Tidak terlalu terkejut dengan kondisi cuaca disini, karena sebelum berangkat aku sudah beberapa kali memonitor suhu dan cuaca di Leeds. Untuk siang hari suhu udara rata-rata berkisar 5-9 derajat celcius, untuk malam hari kira-kira 2-4 derajat, cukup dingin sih bagi orang Indonesia yang biasa di iklim tropis. Apalagi di Leeds angin bertiup sangat kencang sepanjang hari, baik siang maupun malam, sudah tentu hembusan angin itu menambah cepat dingin merasuk ke tulang.
Keesokan hari kami dijemput oleh teman-teman dari Persatuan Pelajar Indonesia (PPI) Leeds yang akan mengajak kami berjalan-jalan mengenal kota Leeds. Tepat pukul 10.00 ketua PPI Rinof menjemput kami di hotel. Tujuan pertama kami adalah stadion Leeds United FC, meskipun LUFC sekarang berada di liga divisi 2, namun kami merasa perlu mengunjungi stadion kesebelasan yang membesarkan Mark Viduka ini bermarkas. Aku jadi ingat pesan duta besar Inggris untuk Indonesia sebelu kami berangkat, beliau berpesan, jika tidak tahu harus berbicara apa di Inggris, maka mulailah bicara tentang sepak bola, dijamin 100% orang Inggris pasti tahu dan pembicaraan akan berlanjut. Maka dari itu, tempat pertama yang kami kunjungi adalah stadion bola.
Seperti biasa kami langsung pasang aksi, berpose, siap untuk difoto. Setelah semua puas berfoto ria, kami mulai memburu merchandise LUFC, kaos, jaket dan pernak-pernik lainnya. Harganya berkisar £10-£20, lumayan murah, itu komentar dari teman PPI yang mengantar kami. Dia bilang, biasanya untuk harga satu potong kaos oblong merchandise asli biasanya berkisar £40 atau sekitar Rp750000. “Mungkin karena kesebelasan Leeds tidak bertanding di divisi utama, jadi harganya murah,” kata dia.

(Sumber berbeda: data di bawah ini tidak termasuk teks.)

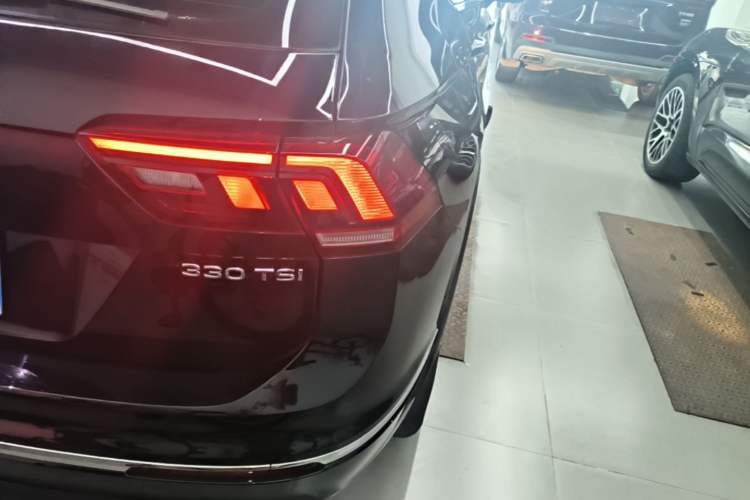 Used Volkswagen Tiguan L 2021 330TSI Automatic Two-Wheel Drive R-Line Enhanced Edition Right Rear Taillight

Setelah puas di stadion LUFC, kami kemudian menuju city center, tempat ini semacam pusat kota, pusat perbelanjaan, pusat kantor pemerintahan dan juga bersebelahan dengan University of Leeds. Diakhir pekan, biasanya warga Leeds menjadikan city center sebagai tempat berakhir pekan, berbelanja atau sekedar berjalan-jalan. Kota Leeds juga dikenal sangat heterogen, di city center ini, hampir semua ras dan etnik dari seluruh benua ada disini, mulai dari Afrika, Asia barat, Asia timur, Asia tenggara, Amerika selatan, dll.